Thursday, February 23, 2017

A Full Ashtray

My remix project, titled "A Full Ashtray," expanded as it went, one burnt-out cigarette at a time, you might say.  The original spark came from dramatic readings of Justin Bieber's "Love Yourself" by Morgan Freeman and myself.  Separate dramatic readings, of course. (But that would be awesome.  I'm not actually certain who had the idea first.)  My first inclination for this project was to do a reading of "Closer" by The Chainsmokers, but I decided that I wanted a more complex and time-consuming project.  I decided to use the whole EP on which "Closer" resides: Collage.  When I saw the EP's name, I thought it was fate.  Later, I decided to do a mash-up of the Collage EP with Xenia's EP Artemisa.  Xenia is an indie pop/jazz singer who competed on the first season of The Voice.  I thought that her songs had a lot of running threads in them, and they do, but they actually don't have as many threads running through their refrains.  But wait.  When you put the Xenia refrains up against the Chainsmoker refrains, threads suddenly appear.  What is going on?  I'm still not quite sure.  Both artists have an indie pop sort of core, though Xenia is influenced by jazz and The Chainsmokers is influenced by EDM.  The two EP's I've used have a lot of similar content, if different poetic structures.  I guess it's an indie thing.

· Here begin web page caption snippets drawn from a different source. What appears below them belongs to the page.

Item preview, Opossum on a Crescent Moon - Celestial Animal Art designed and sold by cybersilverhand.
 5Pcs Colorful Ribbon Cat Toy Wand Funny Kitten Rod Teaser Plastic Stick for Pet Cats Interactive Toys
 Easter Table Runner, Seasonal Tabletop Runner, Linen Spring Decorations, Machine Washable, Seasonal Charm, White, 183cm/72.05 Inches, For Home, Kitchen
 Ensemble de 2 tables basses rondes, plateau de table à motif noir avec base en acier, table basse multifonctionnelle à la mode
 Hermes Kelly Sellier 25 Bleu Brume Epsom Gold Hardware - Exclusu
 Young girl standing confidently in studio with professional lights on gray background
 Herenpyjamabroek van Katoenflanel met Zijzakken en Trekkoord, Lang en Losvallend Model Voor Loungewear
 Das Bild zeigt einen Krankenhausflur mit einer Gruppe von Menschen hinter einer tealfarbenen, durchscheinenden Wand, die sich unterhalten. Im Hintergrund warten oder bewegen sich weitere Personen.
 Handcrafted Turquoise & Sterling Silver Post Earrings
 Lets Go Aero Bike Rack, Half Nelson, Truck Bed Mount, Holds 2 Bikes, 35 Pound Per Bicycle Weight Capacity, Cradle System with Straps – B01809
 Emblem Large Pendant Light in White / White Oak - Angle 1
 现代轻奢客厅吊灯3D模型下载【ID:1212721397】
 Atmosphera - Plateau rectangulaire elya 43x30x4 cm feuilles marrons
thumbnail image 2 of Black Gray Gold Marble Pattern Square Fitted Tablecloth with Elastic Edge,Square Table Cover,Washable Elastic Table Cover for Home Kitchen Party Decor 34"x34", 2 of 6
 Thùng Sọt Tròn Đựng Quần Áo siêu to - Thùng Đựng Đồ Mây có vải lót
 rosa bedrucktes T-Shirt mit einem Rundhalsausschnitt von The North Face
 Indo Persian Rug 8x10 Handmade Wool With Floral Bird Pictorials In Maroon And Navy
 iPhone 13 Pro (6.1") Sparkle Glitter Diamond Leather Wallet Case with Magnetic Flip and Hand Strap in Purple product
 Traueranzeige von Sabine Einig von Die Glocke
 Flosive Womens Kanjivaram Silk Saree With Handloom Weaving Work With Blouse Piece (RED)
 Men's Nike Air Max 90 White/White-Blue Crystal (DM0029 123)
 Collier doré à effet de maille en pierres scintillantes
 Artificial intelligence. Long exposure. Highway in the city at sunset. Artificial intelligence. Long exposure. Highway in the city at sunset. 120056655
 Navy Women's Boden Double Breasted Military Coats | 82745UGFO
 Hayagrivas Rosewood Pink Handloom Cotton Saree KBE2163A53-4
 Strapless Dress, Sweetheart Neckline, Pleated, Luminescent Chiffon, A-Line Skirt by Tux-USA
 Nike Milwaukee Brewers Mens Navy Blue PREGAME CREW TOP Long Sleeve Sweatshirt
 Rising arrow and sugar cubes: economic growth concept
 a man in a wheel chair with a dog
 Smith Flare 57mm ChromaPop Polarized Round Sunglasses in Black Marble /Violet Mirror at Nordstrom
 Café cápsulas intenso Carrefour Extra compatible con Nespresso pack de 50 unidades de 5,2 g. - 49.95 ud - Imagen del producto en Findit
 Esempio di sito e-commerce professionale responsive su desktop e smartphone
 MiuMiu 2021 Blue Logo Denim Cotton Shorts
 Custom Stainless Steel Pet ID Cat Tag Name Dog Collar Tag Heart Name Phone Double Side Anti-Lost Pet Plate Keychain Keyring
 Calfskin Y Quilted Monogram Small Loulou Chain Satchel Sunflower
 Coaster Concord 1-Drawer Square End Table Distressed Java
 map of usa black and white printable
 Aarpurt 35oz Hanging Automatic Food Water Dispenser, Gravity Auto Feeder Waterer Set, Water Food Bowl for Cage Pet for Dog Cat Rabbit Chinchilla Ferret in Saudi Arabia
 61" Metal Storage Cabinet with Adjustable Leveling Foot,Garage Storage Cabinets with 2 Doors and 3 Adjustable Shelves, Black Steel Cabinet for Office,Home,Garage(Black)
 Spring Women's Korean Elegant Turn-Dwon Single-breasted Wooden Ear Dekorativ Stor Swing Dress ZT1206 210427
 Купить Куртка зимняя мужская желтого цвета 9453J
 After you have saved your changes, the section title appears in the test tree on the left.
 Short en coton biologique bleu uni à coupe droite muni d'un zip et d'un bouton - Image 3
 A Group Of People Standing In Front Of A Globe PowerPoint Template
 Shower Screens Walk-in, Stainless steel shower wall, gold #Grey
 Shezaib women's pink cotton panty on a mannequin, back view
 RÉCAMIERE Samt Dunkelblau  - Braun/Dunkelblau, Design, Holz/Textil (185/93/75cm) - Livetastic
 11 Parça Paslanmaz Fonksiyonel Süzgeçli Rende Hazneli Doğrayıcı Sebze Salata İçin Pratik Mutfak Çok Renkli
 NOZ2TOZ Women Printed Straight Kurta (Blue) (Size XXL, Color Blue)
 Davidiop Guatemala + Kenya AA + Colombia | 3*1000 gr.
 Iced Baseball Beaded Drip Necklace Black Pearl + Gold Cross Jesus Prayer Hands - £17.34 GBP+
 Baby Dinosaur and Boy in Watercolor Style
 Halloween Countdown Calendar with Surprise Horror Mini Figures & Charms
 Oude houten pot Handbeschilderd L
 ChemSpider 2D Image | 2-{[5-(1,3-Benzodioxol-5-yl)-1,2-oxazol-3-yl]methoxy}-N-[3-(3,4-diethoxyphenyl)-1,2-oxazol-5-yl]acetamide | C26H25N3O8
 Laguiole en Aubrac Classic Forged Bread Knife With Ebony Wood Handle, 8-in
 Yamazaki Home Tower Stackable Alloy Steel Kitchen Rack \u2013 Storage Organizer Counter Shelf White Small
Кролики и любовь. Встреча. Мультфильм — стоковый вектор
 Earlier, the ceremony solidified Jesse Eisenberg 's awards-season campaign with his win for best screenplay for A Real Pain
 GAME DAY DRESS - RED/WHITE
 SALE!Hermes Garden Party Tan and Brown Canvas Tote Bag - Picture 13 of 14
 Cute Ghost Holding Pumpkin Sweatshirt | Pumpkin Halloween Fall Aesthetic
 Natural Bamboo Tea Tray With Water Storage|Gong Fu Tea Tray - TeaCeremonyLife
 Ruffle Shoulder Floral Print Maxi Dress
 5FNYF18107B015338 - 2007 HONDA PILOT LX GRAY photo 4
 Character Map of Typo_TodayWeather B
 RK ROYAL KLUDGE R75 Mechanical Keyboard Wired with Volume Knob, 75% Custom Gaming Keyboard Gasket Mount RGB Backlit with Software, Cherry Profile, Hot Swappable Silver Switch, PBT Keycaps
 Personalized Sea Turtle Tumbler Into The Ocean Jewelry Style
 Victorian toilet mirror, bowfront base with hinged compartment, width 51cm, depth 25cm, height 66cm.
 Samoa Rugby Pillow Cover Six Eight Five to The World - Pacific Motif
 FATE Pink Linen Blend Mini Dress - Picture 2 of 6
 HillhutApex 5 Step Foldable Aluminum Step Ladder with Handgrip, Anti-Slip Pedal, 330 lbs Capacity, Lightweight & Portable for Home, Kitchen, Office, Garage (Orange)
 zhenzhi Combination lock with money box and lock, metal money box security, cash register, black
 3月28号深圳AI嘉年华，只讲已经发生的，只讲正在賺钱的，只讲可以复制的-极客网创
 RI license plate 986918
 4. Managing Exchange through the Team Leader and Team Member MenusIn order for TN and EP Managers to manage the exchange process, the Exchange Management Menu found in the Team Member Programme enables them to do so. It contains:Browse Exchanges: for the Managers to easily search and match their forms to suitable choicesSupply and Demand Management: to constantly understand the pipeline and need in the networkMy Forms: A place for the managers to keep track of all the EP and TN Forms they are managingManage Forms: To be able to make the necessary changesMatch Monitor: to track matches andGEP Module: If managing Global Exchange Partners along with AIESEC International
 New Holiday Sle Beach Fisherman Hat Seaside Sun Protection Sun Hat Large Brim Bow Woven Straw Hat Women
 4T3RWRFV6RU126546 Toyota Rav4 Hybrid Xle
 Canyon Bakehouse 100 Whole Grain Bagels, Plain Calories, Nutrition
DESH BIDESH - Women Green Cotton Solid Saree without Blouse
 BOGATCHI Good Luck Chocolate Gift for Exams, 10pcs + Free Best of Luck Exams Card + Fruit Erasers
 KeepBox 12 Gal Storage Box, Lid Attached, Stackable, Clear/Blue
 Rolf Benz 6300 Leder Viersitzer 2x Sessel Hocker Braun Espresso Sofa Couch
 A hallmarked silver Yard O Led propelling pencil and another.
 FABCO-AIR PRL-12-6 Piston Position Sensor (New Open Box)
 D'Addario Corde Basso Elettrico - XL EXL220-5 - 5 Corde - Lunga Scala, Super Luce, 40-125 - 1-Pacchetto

This project has three parts.  The first part is a simple Word document with the lyrics of my mash-up.  You can find it here.  The second part is a dramatic dialogue interpreting my mash-up.  Kiri McCoy helped me out by playing the female character. She performed the Xenia parts. You can find that video here.  The third part is a sung interpretation of my mash-up.  I tried to stay true to how the song-pieces were originally performed, but I linked the full remix loosely.  It should be fairly easy to hear when I switched songs since the Xenia parts are so much slower and jazzier.  You can find the sung video here.  My goals were to create entertaining remixes that examine music, specifically indie pop music, more closely.  The dramatic dialogue I shot may have ended up a bit too Shakespearean, but I think it gives a glimpse into a different sense of emotion resonating from the songs.  Especially with the Chainsmokers' songs, emotion has been stripped away to allow for more fun and musicality to seep in; I wanted to let the emotion show through in dramatic form.  With my video, I give a less-modified depiction of my mash-up.  It should be relatively similar to a cut-and-paste video of song clips.  My voice doesn't sound all too similar to the voices from the songs, but the tunes and emotional bases are similar.  I think the remix works pretty well in this way.  It should sound pretty cool, if I did a good job with it.  The point of this assignment, I think, was to create a remix that steals from someone else, but with such theft being eventually justified by some artistic reinvigoration of the appropriated parts.  I feel that my remixes have done just this by shining a different sort of light on the stolen lyrics and tunes.  They have been reenvisioned in a new way, and they are serving a function that may've never been thought of by their original artists.